Subtil, autant que révélateur: certains sportifs sont tout simplement convaincus d'être incapables de performer si leurs habitudes superstitieuses sont parasitées.

Des prophéties et une étrange coïncidence

Mais tous n'ont pas eu la chance de se voir attribuer leur numéro fétiche. Jusqu'en 1928, aucun flocage n'apparaissait dans le dos des footballeurs. C'est seulement juste après la Seconde Guerre mondiale que la pratique s'est généralisée. Et même plus tard, les numéros n'ont longtemps pas été distribués en fonction des envies des footballeurs, mais de leur poste. L'un des premiers à avoir pu bénéficier de l'assouplissement du règlement a été Johan Cruyff.

En octobre 1970, juste avant un match contre le PSV Eindhoven, son coéquipier à l'Ajax Amsterdam Gerrie Mühren ne trouve pas dans ses affaires son habituel maillot numéro 7. Cruyff lui prête alors le sien, le 9, que Mühren a déjà porté pendant la blessure de Cruyff (à cette époque, les numéros ne sont pas attribués pour la saison entière, mais match après match).

En plus d'être porte-bonheur, le maillot 14 de Cruyff était solide.
En plus d'être porte-bonheur, le maillot 14 de Cruyff était solide. image: twitter

Le légendaire Néerlandais va alors piocher dans la pile des maillots de réserve et prend, au hasard, le 14. Il réalisera un excellent match et décidera du coup, par superstition, de toujours le garder (sauf au FC Barcelone, où le règlement espagnol empêchait les maillots de titulaires au-delà du 11).

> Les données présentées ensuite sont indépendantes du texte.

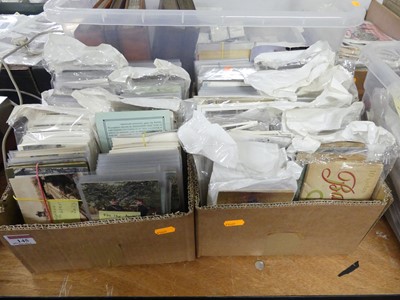 Lot 145 - Postcards, early 20th century & later, to...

Le cas de Johan Cruyff est emblématique. S'ils sont attachés à des numéros par superstition, c'est parce que les sportifs sont convaincus qu'ils vont leur porter chance, qu'ils réaliseront une bonne performance avec. Et souvent, ça marche. Pas (forcément) à cause d'une intervention divine ou métaphysique, mais grâce à un mécanisme psychologique bien connu: les prophéties autoréalisatrices. Le site spécialisé shortcogs.ch en donne une excellente définition:

«La prophétie autoréalisatrice est une prédiction qui se réalise en raison du fait qu’elle a été posée, dans la mesure où les croyances qui découlent de la prédiction orientent le comportement de la personne. La personne interprète les évènements ou encore les intentions des autres et se comporte d’une certaine façon, le tout en concordance avec sa prédiction. Cela mène finalement à la réalisation de sa prédiction initiale. La prophétie autoréalisatrice peut avoir des conséquences tant bénéfiques que malheureuses, tout dépendant de la prédiction faite.»

Autrement dit, en étant convaincus qu'ils joueront bien avec un certain numéro derrière le dos, les footballeurs (les athlètes en général) sont en confiance, détendus, et donc dans des conditions optimales pour réaliser une bonne performance. Et elle se produit bien souvent. De quoi renforcer leurs croyances.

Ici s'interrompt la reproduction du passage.